Highlights:
- AI model achieves 96.57% accuracy in diagnosing respiratory diseases through lung ultrasound analysis.
- The model provides visual explanations to enhance radiologists' trust and decision-making.
- Potential applications include detecting conditions like tuberculosis, asthma, and lung cancer.
A collaboration between Charles Darwin University, United International University, and Australian Catholic University (ASX:ACU) has resulted in the development of artificial intelligence (AI) models designed to analyze lung ultrasound videos and diagnose respiratory diseases with a high degree of accuracy. The AI-driven system examines individual frames within ultrasound videos to detect critical lung features while assessing the sequential order to identify patterns associated with different respiratory conditions.
The model utilizes advanced AI algorithms to classify lung ultrasound images into diagnostic categories such as normal, pneumonia, and COVID-19. With an impressive accuracy rate of 96.57%, the AI system's findings have been validated by medical professionals, reinforcing its reliability in clinical applications.
One of the key advantages of the AI model is its ability to provide explanations for its diagnostic decisions using visual tools such as heatmaps. These visuals help radiologists understand why specific conclusions were made, increasing trust in AI-assisted diagnostics and improving clinical transparency. By highlighting focus areas, the system supports radiologists in making more informed decisions.
The AI-based system offers significant potential in enhancing healthcare outcomes by enabling faster and more precise diagnosis of lung diseases. It serves as an invaluable tool in assisting doctors, reducing diagnostic time, and providing educational support for medical trainees.
Future applications of the model include expanding its diagnostic capabilities to identify a wider range of lung conditions such as tuberculosis, black lung disease, asthma, lung cancer, chronic lung disease, and pulmonary fibrosis. Furthermore, the model's adaptability allows for integration with other imaging modalities, including CT scans and X-rays, to enhance diagnostic accuracy.
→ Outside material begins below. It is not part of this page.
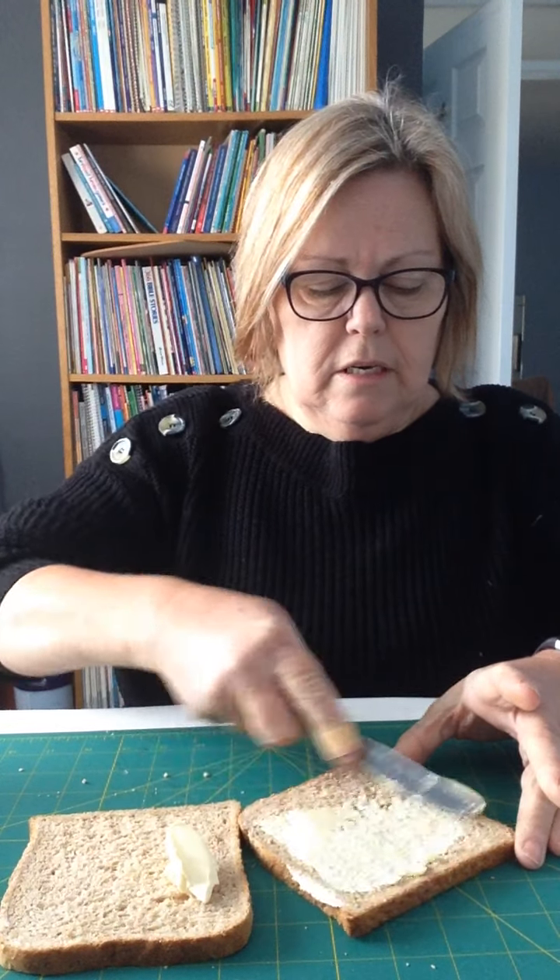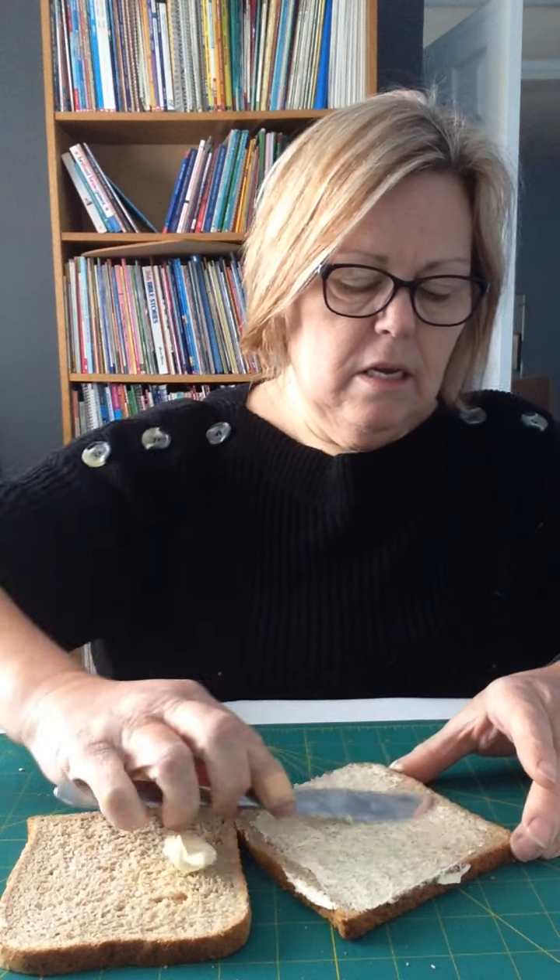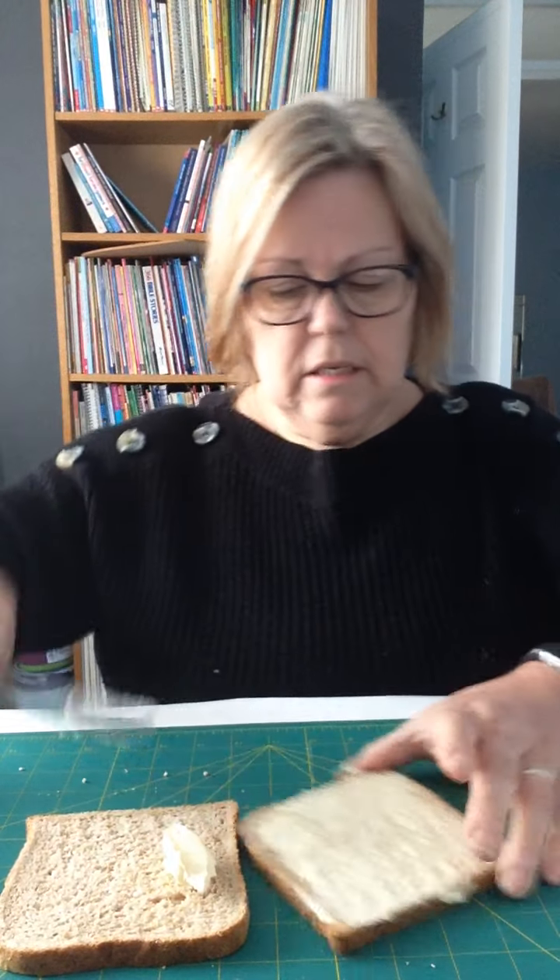The very first thing I need to do is take two slices of bread from the bag. Then I'm going to butter my bread. I'm going to butter each piece of bread using the knife really carefully — try not to get it everywhere.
The study was conducted by a team of experts from United International University in Bangladesh, in collaboration with Charles Darwin University (ASX:CDU) researchers Dr. Asif Karim, Dr. Sami Azam, Dr. Kheng Cher Yeo, Professor Friso De Boer, and Associate Professor Niusha Shafiabady, who is also affiliated with Australian Catholic University (ASX:ACU). Their combined efforts highlight the growing role of AI in revolutionizing diagnostic medicine and its potential to transform the healthcare landscape.
With continuous advancements in AI technology, the healthcare sector is witnessing transformative changes that pave the way for improved patient outcomes and more efficient medical practices. The AI-driven lung ultrasound analysis model represents a significant step forward in the field of diagnostic medicine, offering a reliable and scalable solution for respiratory disease detection.